REVIEW: How We Begin – A refreshing, beautifully written & flawlessly performed piece of theatre

Emma Lucia (Diana) and Talia Pick (Helen) Photo Credit: Charlie Sambrook 

Venue: The King’s Head Theatre

Performance Date: 11 August 2019

Star Rating: ★★★★★

Every once in a while a staggeringly good piece of writing comes along, it’s rare but it happens, as is the case with Elisabeth Lewerenz’s new play How We Begin. In a time where sexual fluidity and exploration of identity is embraced and championed, theatre is awash with plays and musicals that explore those themes, however, those narratives are generally more male-led. Angels In America and The Inheritance have catapulted gay-centric theatre into the mainstream and despite this push female-led stories remain very much on the fringes.

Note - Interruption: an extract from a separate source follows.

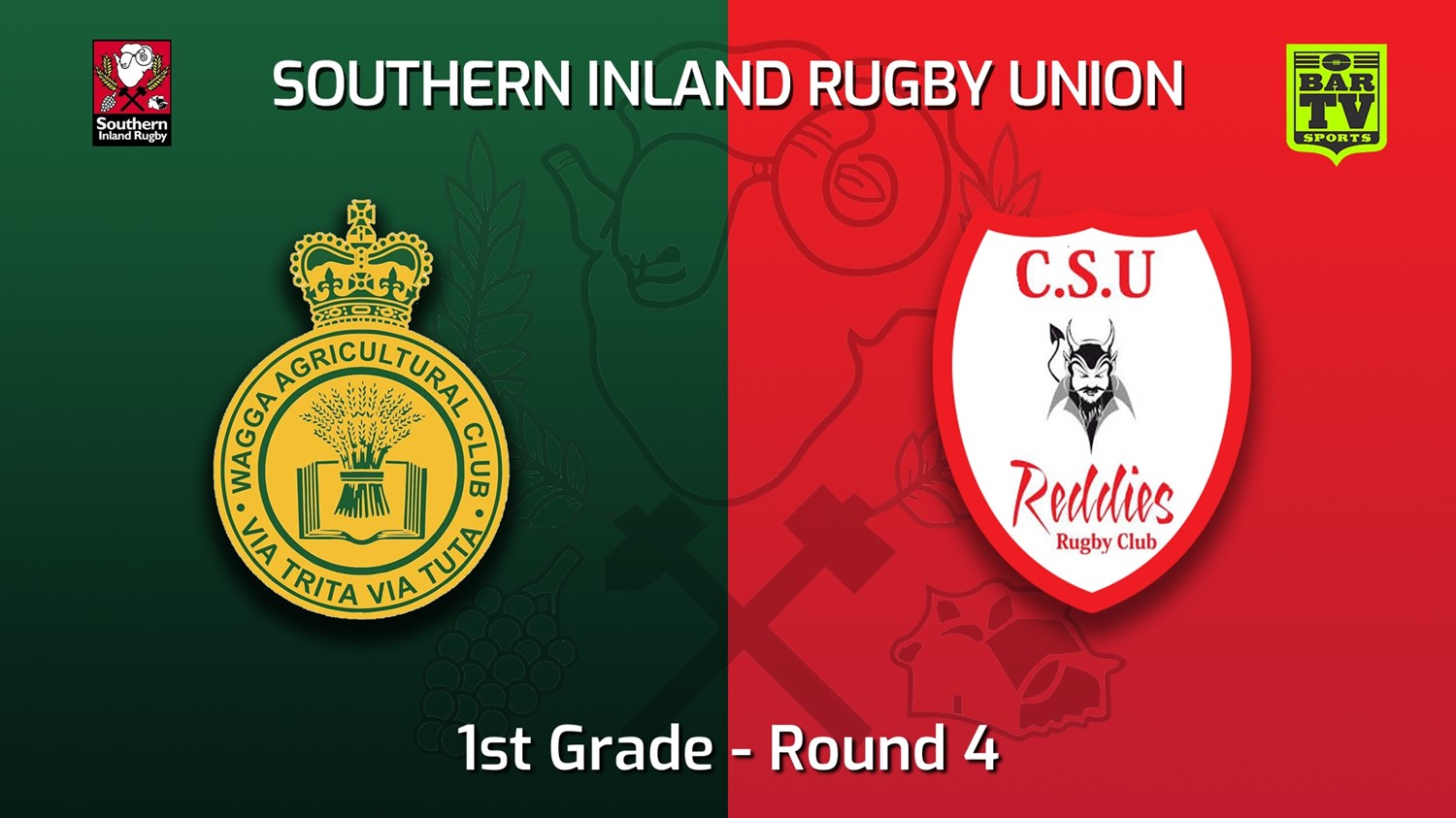 220430-Southern Inland Rugby Union Round 4 - 1st Grade - Wagga Agricultural College v CSU Reddies Minigame Slate Image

How We Begin is a tender, modern and honest portrayal of what it means to fall in love with someone you shouldn’t. Helen and Diana have been best friends since Fresher’s Week. Three years on they are settled and sorted in their respective lives, both professionally successful, Diana is in a serious relationship with a man and Helen is openly exploring her bisexuality. Things are pretty plain sailing until the two realise they have feelings for each other that aren’t strictly platonic. Unable to deny their attraction they embark on an affair as they try to navigate the inevitable hurdles they face and how this shift in their relationship will ultimately affect their friendship.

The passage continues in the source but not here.